Наша надежда почиет на молодых людях, страдающих повышением температуры, когда внутри них — разъедающий зеленый гной омерзения; наша надежда почиет на душах, которым свойственно grandezza,[39] чьи носители, как больные, крадутся среди упорядоченности кормушек. Наша надежда — на восстание, противостоящее господству задушевности, нуждающееся в оружии разрушения, направленном против мира форм, во взрывчатке, чтобы расчистить жизненное пространство для новой иерархии.
Не далее как вчера ночью, когда я гулял по отдаленным улицам восточного квартала, где я живу, мне явилась обособленная картина, суровая в своей героике.
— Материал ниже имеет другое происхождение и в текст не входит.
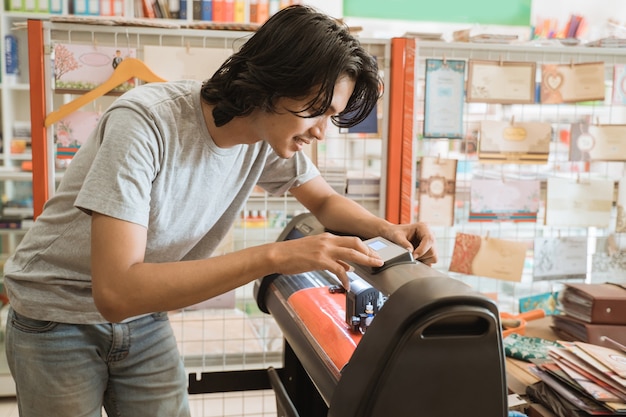 Jonge mannelijke ondernemer Stickerpapier maken door machine die in een kantoorboekhandel werkt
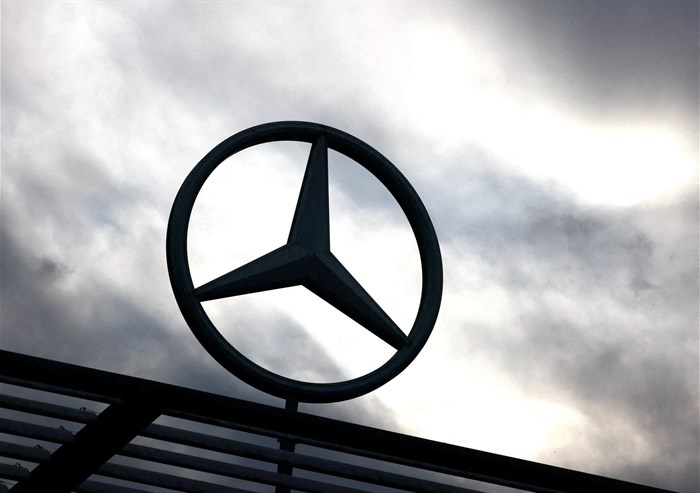 A logo of the Mercedes-Benz is seen outside a Mercedes-Benz car dealer in Brussels, Belgium, on 13 March 2023. Reuters/Yves Herman/File Photo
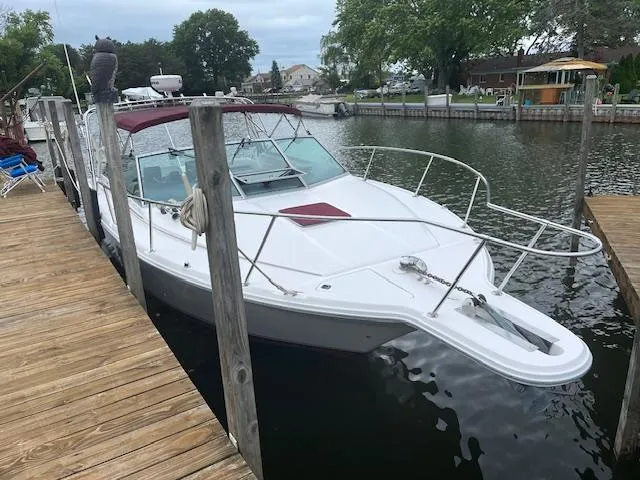 Slide: The Image of 1992 Sea Ray 310 Amberjack docked at a marina, featuring a sleek white design. - 3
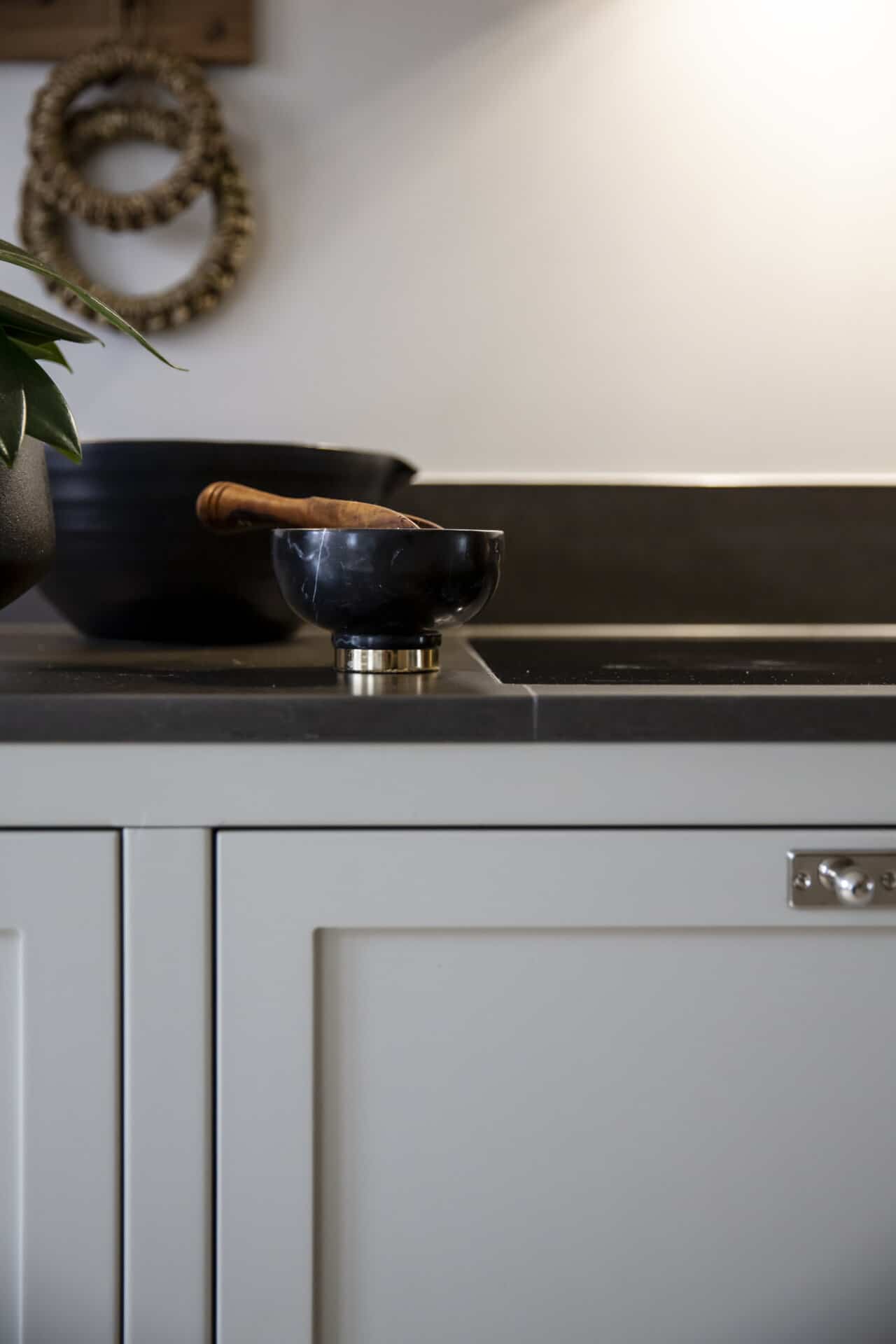 Stiligt - En stiligt svart skål med en trästöt vilar på en mörk köksbänk nära ett grått skåp, medan en elegant svart kruka och vävda ringar subtilt kompletterar scenen i bakgrunden.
Зарешеченное окно в подвал, где помещались машины и где безо всякого человеческого участия со свистом вращался вокруг своей оси чудовищный маховик. Оттуда тянуло теплом дымящегося машинного масла, тогда как слух был восхищен великолепным ходом безотказной, послушной энергии, подкрадывающимся так, как крадется на своих мягких лапах пантера, только добычей при этом был человеческий разум, и всему этому сопутствовало едва уловимое потрескиванье, как будто гладили шерсть черных кошек, и при этом — свистящее гудение стали в воздухе, усыпляющее и одновременно сильно будоражащее. Нечто подобное испытываешь, когда перед тобой двигатель самолета, а в кулаке рычаг газа: отводишь его вперед, и устрашающе рычит сила, порывающая с землей, или когда в ночном экспрессе проносишься сквозь циклопический пейзаж Рура и пламенеющие чепцы доменных печей разгоняют тьму, и в яростном движении чувствуешь: нет ни одного атома, который не был бы в работе. Это холодное исступление, не знающее сытости, в сущности, очень современное в своей игре с материей, чающее игр, прельщающих большей опасностью, и, по-моему, искать ему да искать еще свои подлинные символы. Ибо кто еще с такой последовательностью будет разрушать идиллию, старомодную красивость местностей, задушевность, историческое филистерство, и все это тем решительнее, чем позже наступит пленение новым миром ценностей, встраивающимся в себя.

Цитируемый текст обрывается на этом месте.